Location
- Mpanda, Katavi Nduwi Katumba

Information
- Motto: Fear for the Lord is the Beginning of Knowledge (Kumcha Bwana ni chanzo cha Maarifa)
- Religious affiliation: FPCT Katumba Main Polish
- Founded: 2005
- Headmaster: Mr. Kadangi

= FPCT Tumaini Secondary School =

FPCT Tumaini Secondary School, is the private school located in the Southern part of Tanzania in Katavi region, formerly Rukwa Region.

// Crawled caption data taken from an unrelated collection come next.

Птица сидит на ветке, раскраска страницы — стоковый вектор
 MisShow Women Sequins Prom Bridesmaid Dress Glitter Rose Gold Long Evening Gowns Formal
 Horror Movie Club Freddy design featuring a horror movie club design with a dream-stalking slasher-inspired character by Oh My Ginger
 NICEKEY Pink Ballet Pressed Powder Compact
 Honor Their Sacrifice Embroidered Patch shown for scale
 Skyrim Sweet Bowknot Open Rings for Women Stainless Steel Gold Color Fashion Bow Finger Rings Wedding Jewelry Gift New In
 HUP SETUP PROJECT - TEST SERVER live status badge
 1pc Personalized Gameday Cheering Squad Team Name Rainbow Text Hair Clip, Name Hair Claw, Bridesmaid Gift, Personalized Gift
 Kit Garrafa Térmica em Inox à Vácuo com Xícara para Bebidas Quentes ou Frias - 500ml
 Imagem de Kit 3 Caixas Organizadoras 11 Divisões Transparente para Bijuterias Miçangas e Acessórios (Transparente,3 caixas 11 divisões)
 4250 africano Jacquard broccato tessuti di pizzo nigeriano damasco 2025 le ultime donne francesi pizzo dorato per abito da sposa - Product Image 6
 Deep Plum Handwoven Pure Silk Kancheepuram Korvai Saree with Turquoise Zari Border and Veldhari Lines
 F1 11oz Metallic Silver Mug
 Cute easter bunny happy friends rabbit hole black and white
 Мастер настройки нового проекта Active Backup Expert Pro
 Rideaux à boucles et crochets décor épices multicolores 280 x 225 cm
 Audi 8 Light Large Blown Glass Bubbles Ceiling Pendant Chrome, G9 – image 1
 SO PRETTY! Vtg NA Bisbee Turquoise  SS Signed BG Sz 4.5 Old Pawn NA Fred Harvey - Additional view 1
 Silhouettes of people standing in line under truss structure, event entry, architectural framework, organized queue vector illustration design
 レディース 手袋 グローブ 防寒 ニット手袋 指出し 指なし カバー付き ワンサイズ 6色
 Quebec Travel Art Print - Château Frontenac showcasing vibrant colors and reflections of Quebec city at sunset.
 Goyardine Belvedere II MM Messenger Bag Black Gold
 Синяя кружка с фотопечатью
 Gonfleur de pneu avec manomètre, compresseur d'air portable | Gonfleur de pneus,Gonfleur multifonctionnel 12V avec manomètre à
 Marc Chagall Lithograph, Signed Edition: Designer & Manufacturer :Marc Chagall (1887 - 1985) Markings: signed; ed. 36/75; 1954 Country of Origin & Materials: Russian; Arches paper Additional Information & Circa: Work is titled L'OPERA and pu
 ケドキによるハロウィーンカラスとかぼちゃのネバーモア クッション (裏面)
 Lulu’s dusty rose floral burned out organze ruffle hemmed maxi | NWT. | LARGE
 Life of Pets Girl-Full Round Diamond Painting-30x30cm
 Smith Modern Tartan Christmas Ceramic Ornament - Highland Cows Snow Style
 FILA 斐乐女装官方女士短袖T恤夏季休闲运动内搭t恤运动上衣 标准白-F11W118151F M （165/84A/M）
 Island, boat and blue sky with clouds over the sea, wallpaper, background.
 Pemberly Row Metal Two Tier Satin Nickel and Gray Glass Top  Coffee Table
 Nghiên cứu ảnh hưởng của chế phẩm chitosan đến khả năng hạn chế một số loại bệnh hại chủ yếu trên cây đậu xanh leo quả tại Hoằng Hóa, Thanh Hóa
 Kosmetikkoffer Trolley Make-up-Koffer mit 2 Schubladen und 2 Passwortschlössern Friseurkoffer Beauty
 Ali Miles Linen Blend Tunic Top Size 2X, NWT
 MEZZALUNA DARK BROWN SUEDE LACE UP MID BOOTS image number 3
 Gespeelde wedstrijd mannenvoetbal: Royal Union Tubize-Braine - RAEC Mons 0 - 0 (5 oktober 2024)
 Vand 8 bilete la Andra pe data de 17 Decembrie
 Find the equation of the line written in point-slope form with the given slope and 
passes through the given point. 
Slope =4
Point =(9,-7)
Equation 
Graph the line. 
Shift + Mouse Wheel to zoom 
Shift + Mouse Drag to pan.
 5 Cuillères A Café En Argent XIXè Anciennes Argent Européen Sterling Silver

The school was established in 2005 by the Free Pentecostal Church of Tanzania under the Manager, archbishop of the Katumba Parish Rev. Jonathan Kidebuye. The school now serves large number of population in Tanzania especially people from Lake zone regions: Mwanza, Shinyanga, Bariadi, Kagera, and Mara, central zone regions of Tabora, Dodoma and Singida. It is accommodates a large number of people from the Southern zone Regions of Tanzania.
The school is about 31 Kilometers from Katavi capital Town of Mpanda.

== School Motto ==

The Motto of the school is Fear for the Lord is the Beginning of the Knowledge (Kumcha Bwana ni chanzo cha Maarifa), the school other than preparing the students academically it as well prepares them spiritually, every student based on his/her religion.